# Longitudinal DIS Structure functions

• I
Gold Member
DIS observables can be expressed in terms of structure functions F1, F2 and FL. There exists the relation ##F_L = F_2 - 2xF_1##.

We can write $$F_L = \sum_a x \int_x^1 \frac{dy}{y} C_{a,L}(y,Q) f_a (\frac{x}{y},Q)$$ and similarly for ##F_1## and ##F_2##:

$$F_1 = \sum_a x \int_x^1 \frac{dy}{y} C_{a,1}(y,Q) f_a (\frac{x}{y},Q)$$

$$F_2 = \sum_a x \int_x^1 \frac{dy}{y} C_{a,2}(y,Q) f_a (\frac{x}{y},Q)$$

Then ##F_L = F_2 - 2xF_1## means that also

$$F_L = \sum_a x \int_x^1 \frac{dy}{y} \left( C_{a,2}(y,Q) - 2x C_{a,1}(y,Q) \right) f_a (\frac{x}{y},Q).$$

Comparing this with above eqn for ##F_L## means that ##C_{a,L}## is not just a function of y and Q. Is it possible to extract the longitudinal coefficient function for ##F_L## from knowledge of the coefficient function for ##F_1## and ##F_2##?

MathematicalPhysicist
Gold Member
As far as I can tell it really depends on what the function f_a's and constants C_{a,i}'s are, to tell if C_{a,L} depends on x.

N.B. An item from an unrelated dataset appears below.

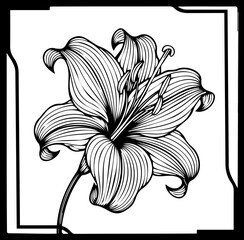 A black and white vector illustration of a beautiful lily flower in a square frame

DIS observables can be expressed in terms of structure functions F1, F2 and FL. There exists the relation ##F_L = F_2 - 2xF_1##.

We can write $$F_L = \sum_a x \int_x^1 \frac{dy}{y} C_{a,L}(y,Q) f_a (\frac{x}{y},Q)$$ and similarly for ##F_1## and ##F_2##:

$$F_1 = \sum_a x \int_x^1 \frac{dy}{y} C_{a,1}(y,Q) f_a (\frac{x}{y},Q)$$

$$F_2 = \sum_a x \int_x^1 \frac{dy}{y} C_{a,2}(y,Q) f_a (\frac{x}{y},Q)$$

Then ##F_L = F_2 - 2xF_1## means that also

$$F_L = \sum_a x \int_x^1 \frac{dy}{y} \left( C_{a,2}(y,Q) - 2x C_{a,1}(y,Q) \right) f_a (\frac{x}{y},Q).$$

Comparing this with above eqn for ##F_L## means that ##C_{a,L}## is not just a function of y and Q. Is it possible to extract the longitudinal coefficient function for ##F_L## from knowledge of the coefficient function for ##F_1## and ##F_2##?
You write the relation for ##C_L## there, which depends also on the hadronic variable ##x## (in addition to ##y## and ##Q^2##).